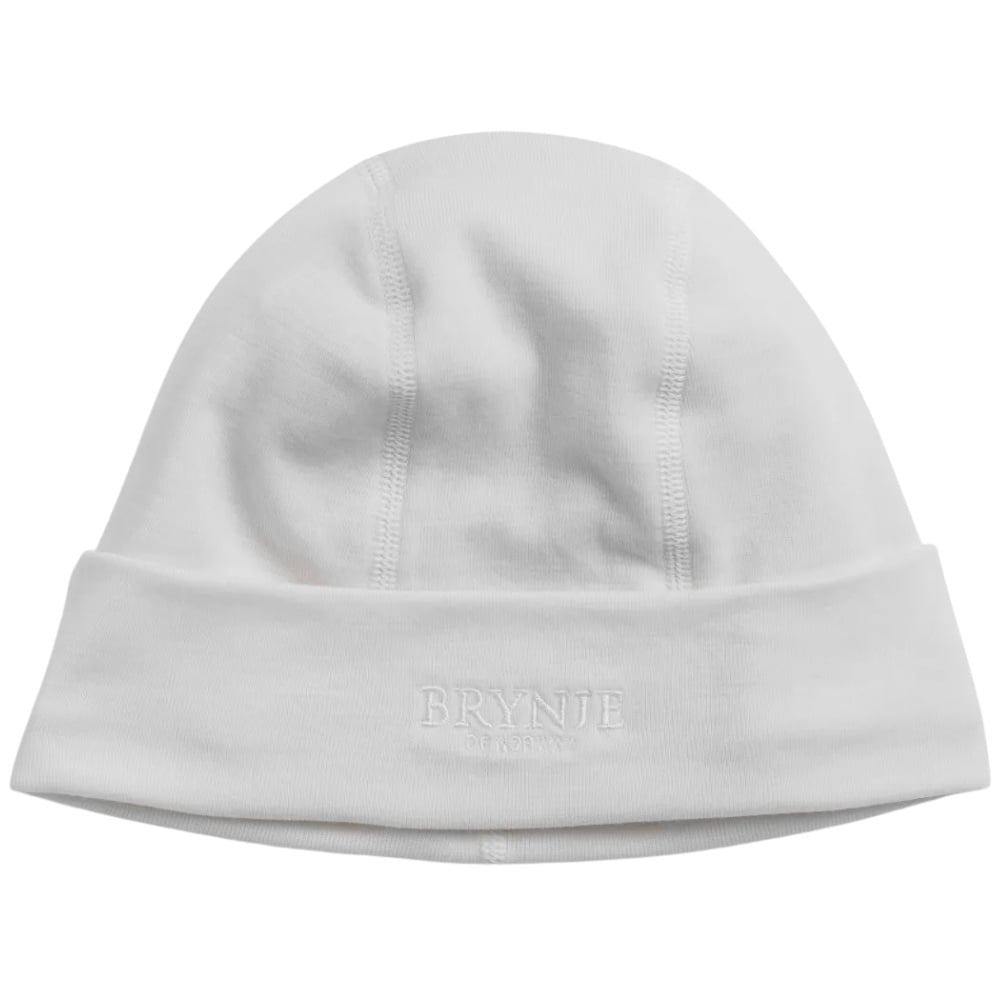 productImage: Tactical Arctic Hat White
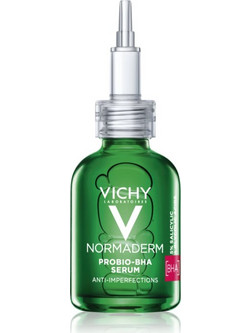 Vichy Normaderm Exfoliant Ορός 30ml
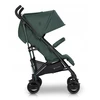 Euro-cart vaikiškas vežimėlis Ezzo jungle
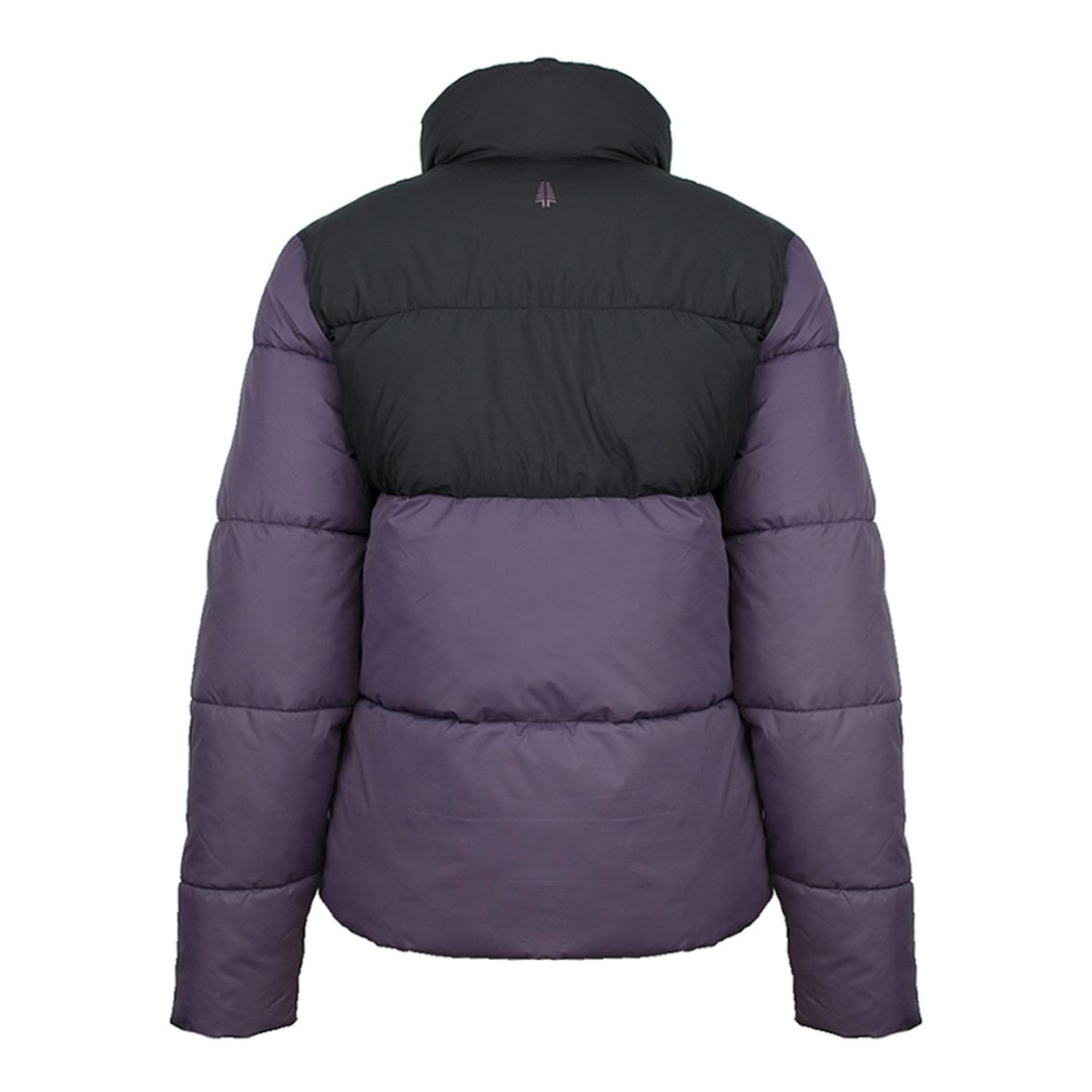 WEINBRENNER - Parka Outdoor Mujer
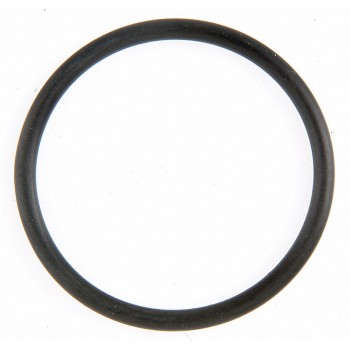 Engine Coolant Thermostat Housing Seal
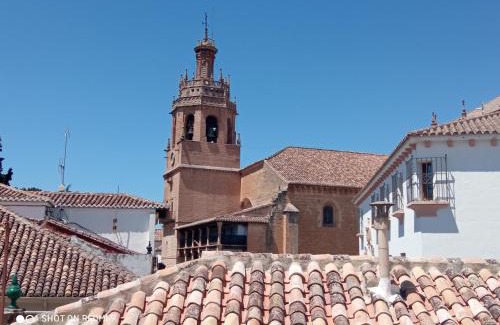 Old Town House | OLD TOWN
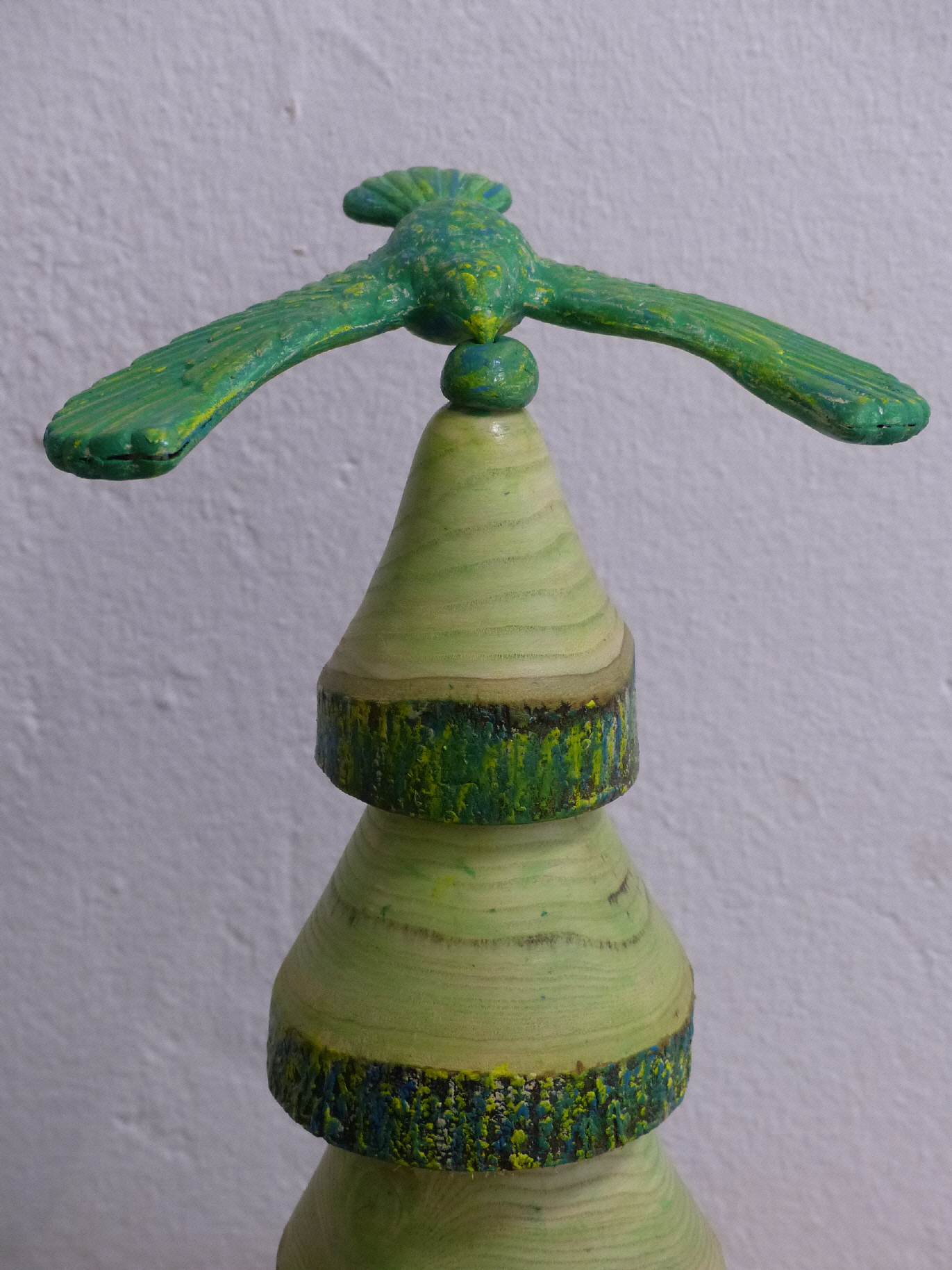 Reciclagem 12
········
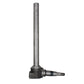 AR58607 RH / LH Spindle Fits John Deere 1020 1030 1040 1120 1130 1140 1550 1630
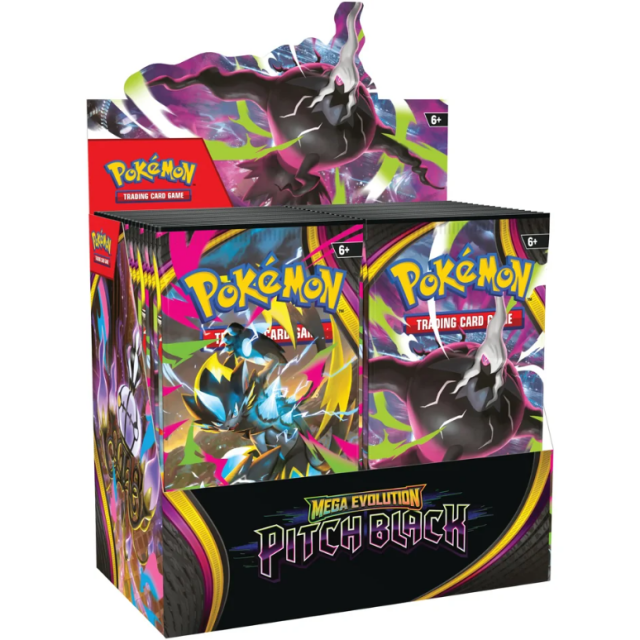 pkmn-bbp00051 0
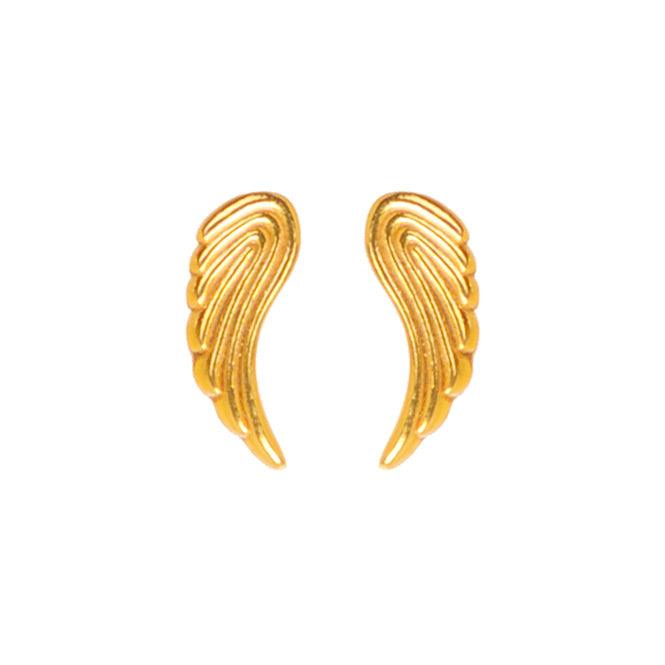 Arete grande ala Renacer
········
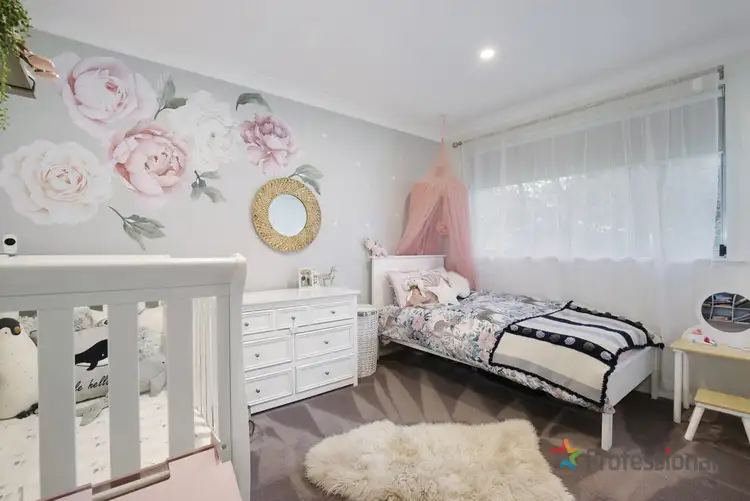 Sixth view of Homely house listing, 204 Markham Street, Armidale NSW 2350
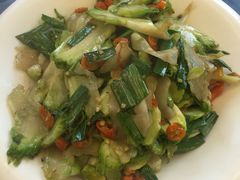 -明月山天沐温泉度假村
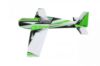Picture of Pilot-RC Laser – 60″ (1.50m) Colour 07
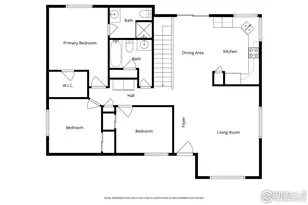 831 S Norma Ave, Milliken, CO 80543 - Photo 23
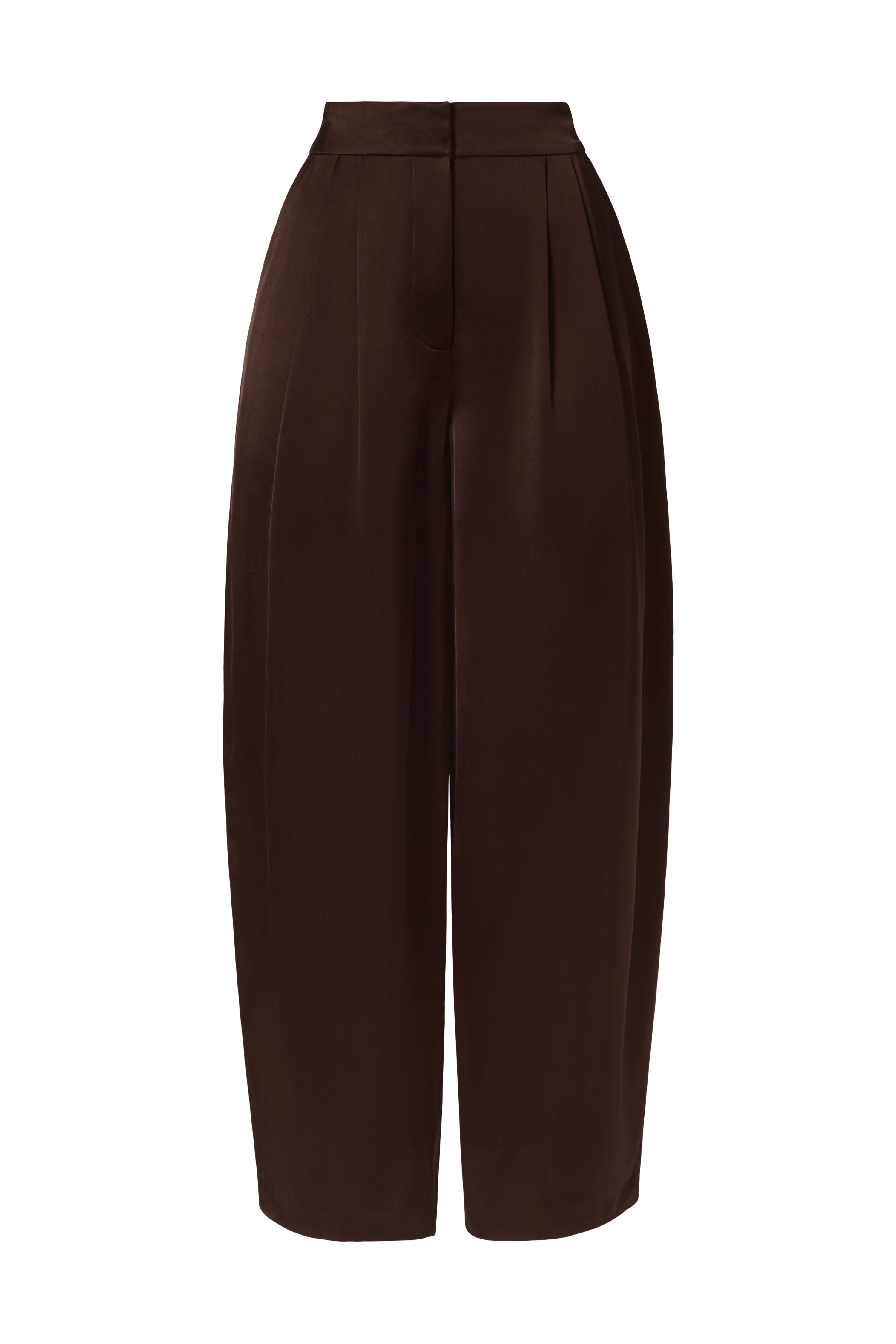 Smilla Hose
········
### Exercise details
Copy out the listing above from the line containing "Vichy Normaderm Exfoliant Ορός 30ml" to the line containing "Reciclagem 12", both included, exactly as written and minus the images.

### Expected answer
 Vichy Normaderm Exfoliant Ορός 30ml
 Euro-cart vaikiškas vežimėlis Ezzo jungle
 WEINBRENNER - Parka Outdoor Mujer
 Engine Coolant Thermostat Housing Seal
 Old Town House | OLD TOWN
 Reciclagem 12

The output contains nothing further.